This scenario may surprise people unfamiliar with the region but reflects the daily experience of many residents of its communities. Fortunately, the scholarship on Latin American politics and societies has been receptive to this complex reality, and the six monographs examined in this review embrace much of the conceptual and empirical heterogeneity generated by the ongoing political struggle in contemporary Latin America. In doing so, they look at political protests in the last couple of decades from divergent angles, in turn highlighting different aspects. Even the works that initially appear close in their perspectives, such as the Bruhn (Reference Bruhn2024) and Boulding and Holzner (Reference Boulding and Holzner2021) volumes, view their empirical evidence from only partially reconcilable starting points. This review essay addresses this diversity first, by discussing each of the books in isolation in chronological order of publication, and then dissects the complementarities in the material from substantive, theoretical and methodological perspectives.

Before going into detail, a general consideration is in order. The current scholarship on public protest in Latin America is still evolving, having left behind the monolithic approach seen until the 1990s. This older literature dealt mainly with new informal political practices during the consolidation of young democratic regimes and had normative concerns about the destabilizing characteristics of street demonstrations. It is now uncontroversial to claim that those days are over. Protest has become so commonplace in some Latin American countries, that the expression “protest state” has been appropriately coined to define the routinization of political turmoil as a response to socio-economic inequality (Moseley Reference Moseley2018). Starting from this foundation, the literature included in this review focuses on how contemporary protests in Latin America are shaped by the evolution of party systems, elected governments, and economic policy, with an appropriate focus on the poor, the excluded, or generally the groups that lack an institutionalized channel to participate in the political life of their country.
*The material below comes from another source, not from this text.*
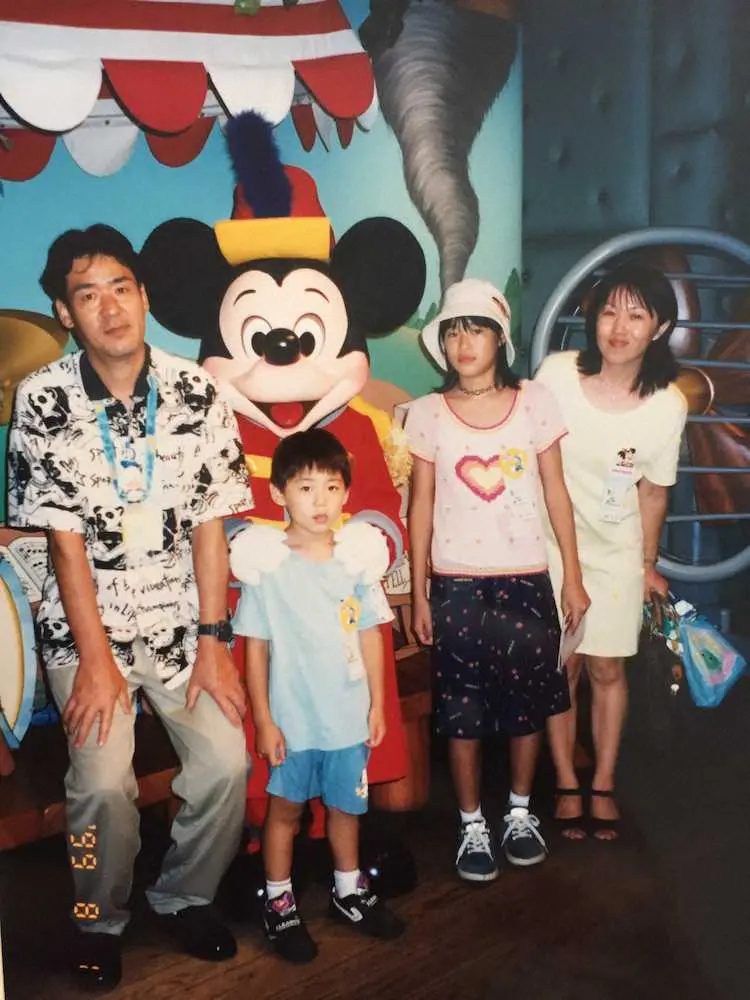 ディズニーランドで撮影した巨人・桜井の思い出の一枚。（左から）父・忠俊さん、桜井、姉・彩さん、母・幸子さん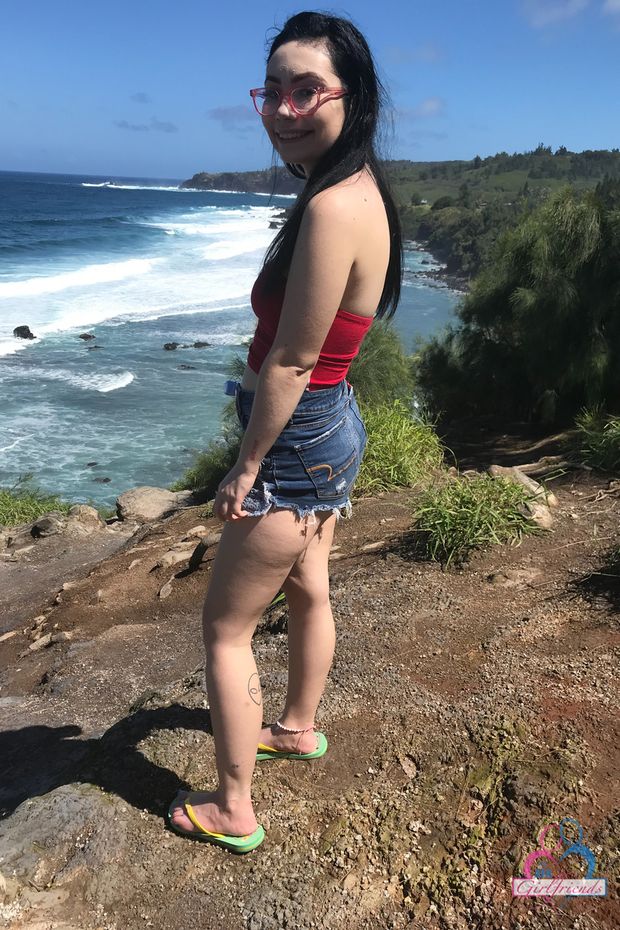 Naughty GF: Casual Ass (Shorts)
Inside Contemporary Latin American Protests: The Six Books in Sequence

Carew Boulding and Claudio A. Holzner’s Voice and Inequality: Poverty and Political Participation in Latin American Democracies (Reference Boulding and Holzner2021) undertook the ambitious task of investigating the political participation of the poorer citizens of Latin America, who are very active compared to their equals in other regions of the world. In doing so, they looked at political protest as one of several ways that people can mobilize to express their personal preferences and grievances, and at how political institutions can help bridge the existing gaps among societal groups. The bulk of their empirical work is done through the careful analysis of LAPOP Americas Barometer data, which has over time established itself as a key source for researchers and practitioners alike. This is also the oldest and arguably the best-known of the works included in this comprehensive review.
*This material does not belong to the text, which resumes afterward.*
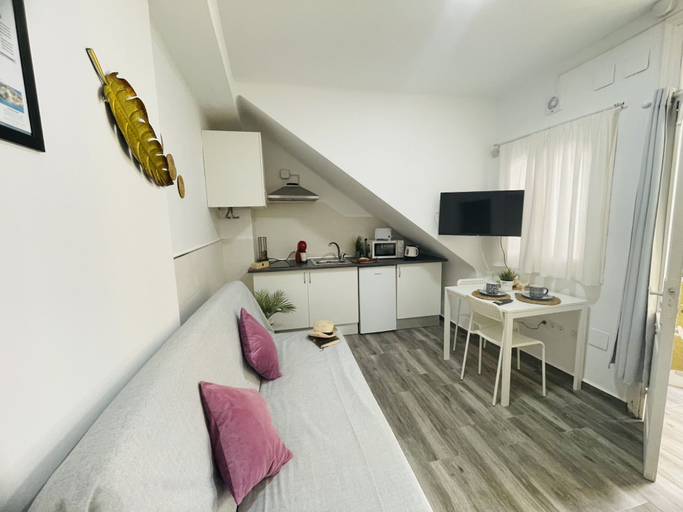Room 5, Apartamento Alboran Panama by At Home Costa del, Málaga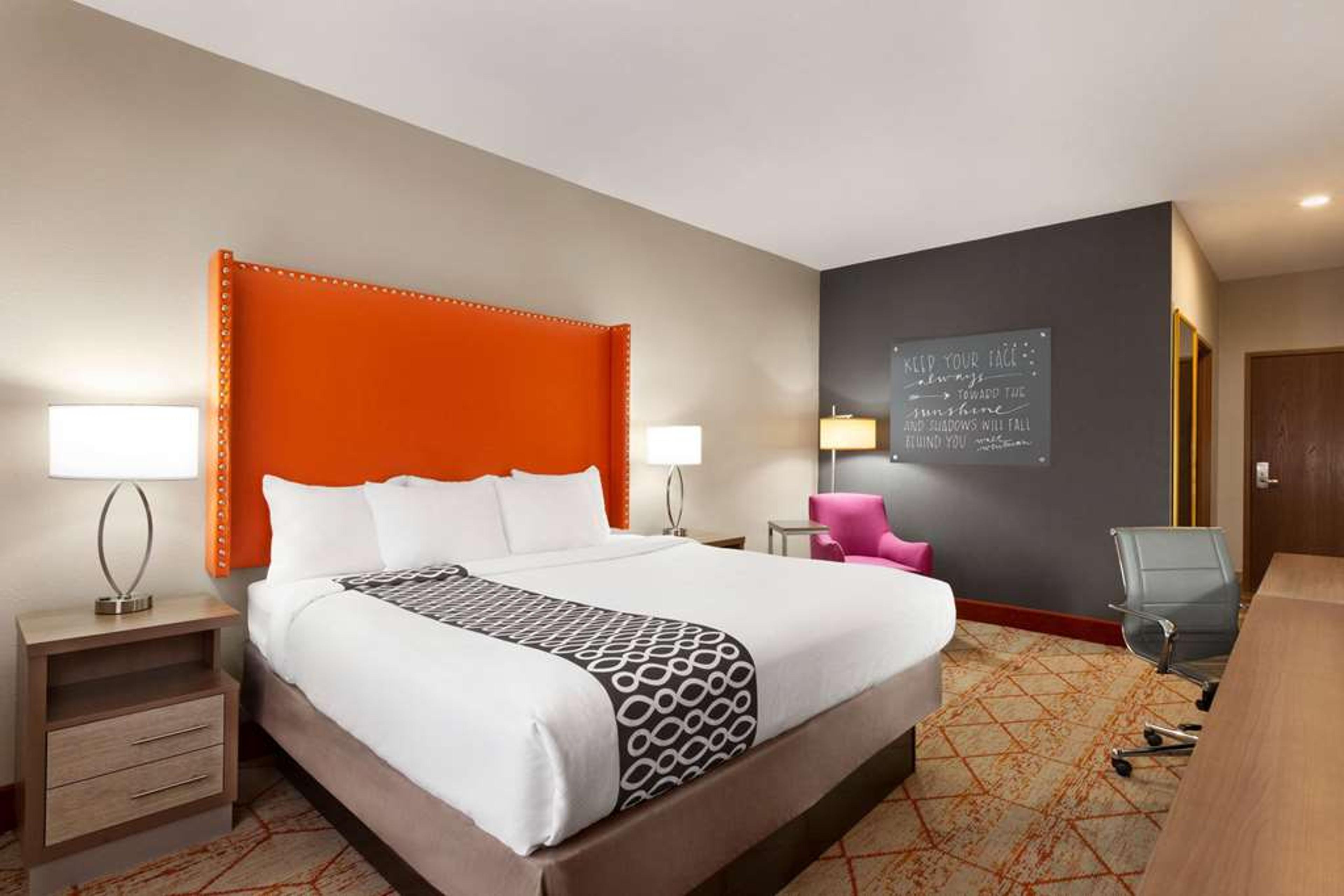LA QUINTA INN STE LACKAWANNA BUFFAL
Overall, the book shows the combined importance of several variables to the participation of lower-class citizens, which helps them overcome the structural barriers inherent to their social positioning. The explanation encompasses factors ranging from community organizations and political parties to the quality of democratic institutions and political competition, opening the door to the study of sectoral organizations. In a general sense, it constitutes a good base, a general platform for scholars of Latin American politics to start exploring specific national realities or the small-scale determinants of protest participation. The choice to discuss voting, protests, and other forms of participation allows them to be evaluated in parallel and also jointly as part of an individual’s overall tendency to take an active part in politics.

Especially salient is the finding that poor Latin American citizens frequently contact their politicians, which can be seen in the negative as signaling the pervasiveness of patronage networks, and in a positive light as a signal that not all is lost for the credibility of politics. Clientelism is discussed pragmatically, recognizing its mobilizing capabilities and how it can create a real point of access to politics for people who would otherwise have none. The linkages offered by mass parties continue to matter a great deal for all forms of political participation, making party system deterioration still dangerous. Finally, the results show that protest participation is strongly stratified by class in Ecuador, Venezuela, and Bolivia, which accidentally offers a powerful explanation of why left-wing parties were elected to government precisely in these countries, after the collapse of the earlier party system.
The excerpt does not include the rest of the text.